[Supplied material Boundary: Start]

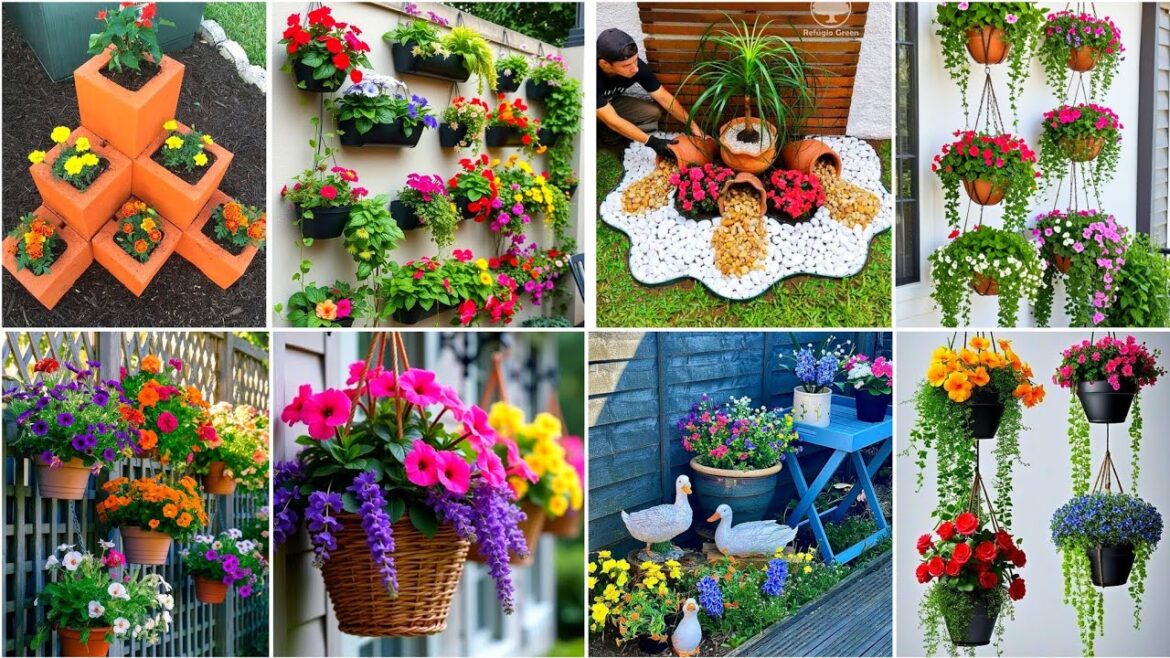 Small Landscape Garden Flowers Decorations Ideas/Flowers Container/Garden Flowers Pots Design Small Landscape Garden Flowers Decorations Ideas/Flowers Container/Garden Flowers Pots Design
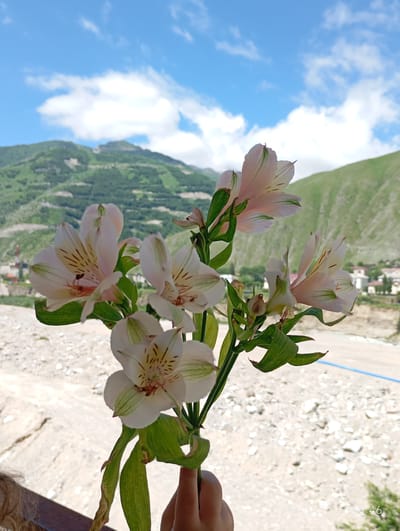 A bouquet of pale pink and white alstroemeria flowers with green stripes on their petals is held in the foreground by a person's hand. The flowers are in focus, with their delicate petals and dark centers clearly visible. In the background, a mountain landscape unfolds under a bright blue sky dotted with white clouds. The mountains are covered in green vegetation, with some patches of exposed rock and terraced slopes. A dry, rocky riverbed or plain stretches out in front of the mountains, with some distant buildings suggesting a settlement. A small portion of what appears to be a blue tarp or ribbon is visible in the middle ground. The overall scene captures a natural setting with a focus on the floral arrangement. The timestamp "01.07.2026 10:46" is visible in the bottom right corner of the image, suggesting it was taken on July 1st, 2026.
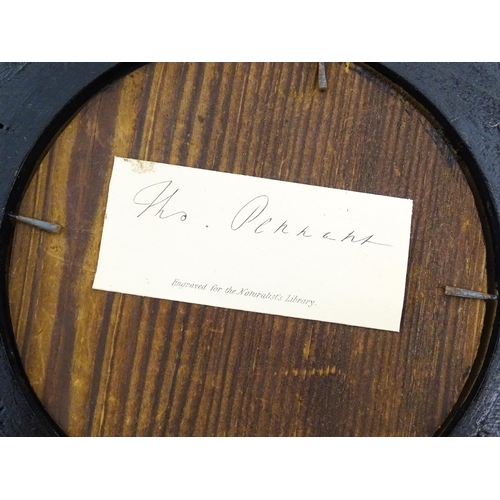 329 - A pair of early 20thC ebonised frames of oval form. Together with a ebonised frame of circular form.... 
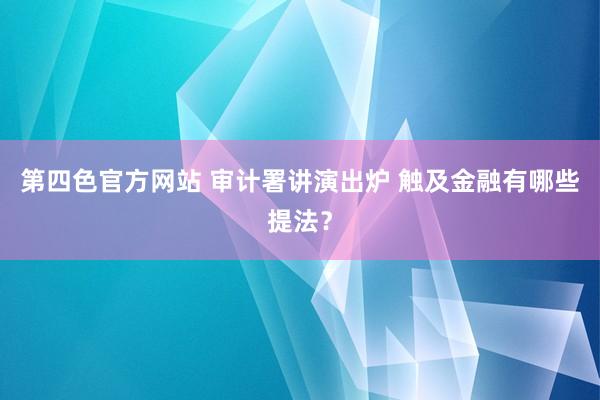 第四色官方网站 审计署讲演出炉 触及金融有哪些提法？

[Supplied material Boundary: End]

● **What is expected**
Retype only the lines from the line with "329 - A pair" through the last line of the data. Keep both ends and skip the pictures.

● **Written solution**
 329 - A pair of early 20thC ebonised frames of oval form. Together with a ebonised frame of circular form.... 
 第四色官方网站 审计署讲演出炉 触及金融有哪些提法？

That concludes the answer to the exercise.